Récit

Fraude fiscale: les banques à la porte du tribunal

UBS va bientôt devoir s’expliquer devant la justice française sur la manière dont elle a proposé des montages financiers illicites à ses clients. HSBC pourrait suivre. Une première.
par Renaud Lecadre et Franck Bouaziz
publié le 6 avril 2017 à 19h46

L'étau se resserre. Deux des principales banques mondiales spécialisées dans la gestion de fortune, la britannique Hongkong and Shanghai Bank Corporation (HSBC) et l'Union des banques suisses (UBS), sont en passe de comparaître devant la justice française «pour démarchage illicite et blanchiment de fraude fiscale». Il faut remonter à 2003 pour retrouver un établissement financier ayant pignon sur rue au prétoire. Il s'agissait alors du Crédit lyonnais (devenu depuis LCL) poursuivi pour la présentation tronquée de ses comptes et 15 milliards d'euros perdus dans des investissements hasardeux. En 1993, la banque alors publique avait frôlé la faillite.

UBS va être la première à devoir s’expliquer dans une audience publique. Les juges d’instruction du pôle financier du tribunal de grande instance de Paris Guillaume Daïeff et Serge Tournaire ont rendu leur copie au mois de mars. Il ne reste plus qu’à trouver une date pour un procès qui devrait durer cinq à six semaines. HSBC doit en revanche encore ronger son frein. Le Parquet national financier (PNF) a demandé le renvoi de la banque devant le tribunal correctionnel. Ne manque plus que l’imprimatur des magistrats instructeurs, ce qui semble n’être qu’une simple question de semaines. Les deux procès ne mettront pas un terme à l’évasion fiscale, mais ils pourraient bien faire jurisprudence. Revue des sujets sur la table.

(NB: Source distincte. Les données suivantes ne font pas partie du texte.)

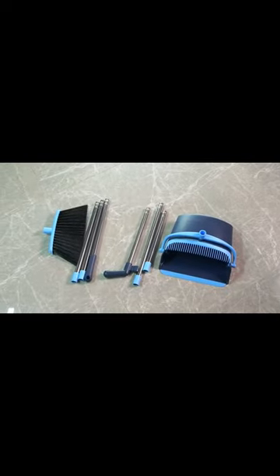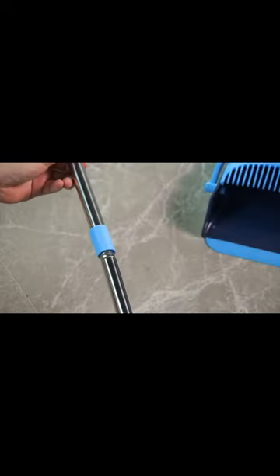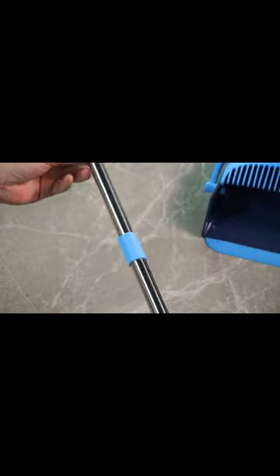The set's design also accommodates picking up pet hair and garden debris, making it suitable for families with kids and pets. To buy this product, check the comment box — the link is given there.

La Fraude à l’impôt dans le collimateur

Les deux banques sont poursuivies pour avoir fourni à leurs clients les moyens de dissimuler des sommes d'argent et donc d'échapper au paiement de l'impôt en France. Les établissements incriminés préconisent pourtant, dans leurs manuels internes à destination des commerciaux chargés de draguer les fortunes baladeuses, de «s'abstenir de l'assistance active à la fuite des capitaux»et de «ne prêter aucune assistance à la soustraction fiscale».

Double discours ? La question se pose à lire ce courrier de HSBC à ses principaux clients : «Alors qu'un projet de fiscalité de l'épargne a été publié, nous espérons vous avoir rendu attentif au fait que, bien que la date butoir soit proche, de nombreux instruments et structures existent qui vous permettent d'améliorer vos rendements dans ce nouvel environnement.» Traduction de cette novlangue bancaire : on vous propose de sécuriser vos avoirs au sein d'une coquille offshore, au Panama ou aux îles Vierges. Là où le climat fiscal est particulièrement doux.

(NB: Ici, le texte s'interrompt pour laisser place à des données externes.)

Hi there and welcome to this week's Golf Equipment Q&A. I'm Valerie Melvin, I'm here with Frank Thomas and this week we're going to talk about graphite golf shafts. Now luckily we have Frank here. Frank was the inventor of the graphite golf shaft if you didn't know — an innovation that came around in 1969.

Nous sommes en 2005, et la directive européenne sur la taxation des capitaux (ESD, selon son acronyme anglais) est sur le point de s'élargir à la Suisse et aux avoirs détenus outre-Léman. Les commerciaux de HSBC se mettent illico en ordre de bataille, démarchent la clientèle et rendent compte à leur direction : «Discussion sur ESD, client pense à faire une société offshore», rapporte prudemment l'un d'entre eux. «Proposition d'une structure offshore (ESD), le client n'a pas encore pris de décision», risque un autre.

La banque ne se serait donc pas contentée de conseiller, mais aurait également proposé un montage clés en mains. L’opération est rentable : une coquille offshore achetée 600 dollars au Panama, via le célèbre cabinet Fonseca, est refacturée 5 000 francs suisses au client.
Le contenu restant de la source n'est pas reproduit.